Friday, 21 February 2014

Team GB Chef de Mission gets new perspective at Sochi Games

KALYAN KUMAR MAHATA The true appellation of Apu.

Team GB Chef de Mission gets new perspective at Sochi Games

Team GB Chef de Mission gets new perspective at Sochi Games
©IOC/Chris Graythen
21/02/2014
Mike Hay has seen the Olympic Winter Games from several different perspectives, including as an athlete when curling was a demonstration sport, but never with the wide-angle view he is getting in his new role as Chef de Mission for Team GB.
From the Team GB office in Sochi, Hay serves as the lead advocate for British Olympians and the chief liaison between the British Olympic Association and all the other key Games organisations, including the International Olympic Committee, the International Federations and the Organising Committee. The position requires attention to detail, diplomacy and a high degree of energy.
He said the spectrum of issues that a chef de mission deals with is “wide and varied”, but the primary mission is to help Olympic athletes achieve their dreams.
“You’re responsible for seeing that all the athletes have all the resources available to them to perform at their personal best,” he said, during a brief break at Team GB headquarters.
Hay has served British athletes in a variety of capacities over the years. He coached the women’s curling team that won a gold medal at the 2002 Salt Lake City Games, and oversaw the Team GB preparation camps for Vancouver 2010 and London 2012. He joined the British Olympic Association as a winter sports specialist in 2007.

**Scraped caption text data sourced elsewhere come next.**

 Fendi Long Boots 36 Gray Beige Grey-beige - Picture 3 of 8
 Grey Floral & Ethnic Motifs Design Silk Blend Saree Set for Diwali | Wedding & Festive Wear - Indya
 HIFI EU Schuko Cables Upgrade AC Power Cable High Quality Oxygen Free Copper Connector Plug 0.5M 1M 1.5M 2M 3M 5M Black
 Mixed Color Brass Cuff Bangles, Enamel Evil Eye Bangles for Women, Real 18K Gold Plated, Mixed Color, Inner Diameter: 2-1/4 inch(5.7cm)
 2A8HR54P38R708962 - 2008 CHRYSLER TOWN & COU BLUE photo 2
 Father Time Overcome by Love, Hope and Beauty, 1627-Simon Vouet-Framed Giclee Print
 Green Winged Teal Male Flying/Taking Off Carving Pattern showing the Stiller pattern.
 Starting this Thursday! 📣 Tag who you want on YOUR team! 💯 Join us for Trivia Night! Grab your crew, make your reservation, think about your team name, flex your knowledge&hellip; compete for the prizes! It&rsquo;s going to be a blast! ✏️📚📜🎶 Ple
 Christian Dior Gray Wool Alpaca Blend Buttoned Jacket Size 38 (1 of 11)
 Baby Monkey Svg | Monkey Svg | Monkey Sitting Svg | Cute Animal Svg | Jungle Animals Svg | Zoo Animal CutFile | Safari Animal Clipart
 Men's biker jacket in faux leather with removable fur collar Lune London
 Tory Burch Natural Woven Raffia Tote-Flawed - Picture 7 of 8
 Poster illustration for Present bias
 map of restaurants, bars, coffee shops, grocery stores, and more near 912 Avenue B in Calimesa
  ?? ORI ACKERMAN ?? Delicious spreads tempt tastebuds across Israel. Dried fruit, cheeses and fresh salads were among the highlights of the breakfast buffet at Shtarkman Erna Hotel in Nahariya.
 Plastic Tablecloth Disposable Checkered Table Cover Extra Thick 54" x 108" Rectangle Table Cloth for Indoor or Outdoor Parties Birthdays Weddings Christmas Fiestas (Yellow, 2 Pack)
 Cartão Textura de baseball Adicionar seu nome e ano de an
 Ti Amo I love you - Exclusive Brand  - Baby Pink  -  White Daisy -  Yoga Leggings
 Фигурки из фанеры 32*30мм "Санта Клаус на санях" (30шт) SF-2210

Before his career in sports administration, Hay won gold medals in curling at five European Championships, and silver medals at two World Championships. He competed in curling as a demonstration sport at the 1988 Calgary Games, before it was added to the Olympic programme at the 1998 Nagano Games.
In Sochi, Hay supports 56 athletes as well as their coaches and other Olympic officials from Great Britain. About 60 per cent are housed in the two Olympic Villages for the mountain venues; the rest are in the Olympic Village for indoor events near the shore of the Black Sea.
Hay, a veteran of five previous Games, praised the work of the Sochi organisers.
“We’ve found it absolutely amazing. They haven’t let us down,” he said “The venues are absolutely fantastic, first class. The transport is working well. You probably get the impression that I’m pretty pleased.”
He is also pleased with the performance of Team GB. Although Great Britain is not known as a winter sports powerhouse, British competitors are on track to win more medals in Sochi than at any previous Olympic Winter Games since the inaugural Games in 1924. Team GB medallists include Lizzy Yarnold, who won gold in skeleton; Jenny Jones, who captured bronze in snowboard slopestyle; and the women’s curling team, which also won a bronze medal. The men’s curling team ensured at least a silver medal by earning a place in the finals.
“When you have a delegation of 56 athletes and support staff, you’re dealing with good days and bad days,” Hay said. “We have done what we hoped to do in terms of our expectations, and maybe we can exceed that in the next couple of days.”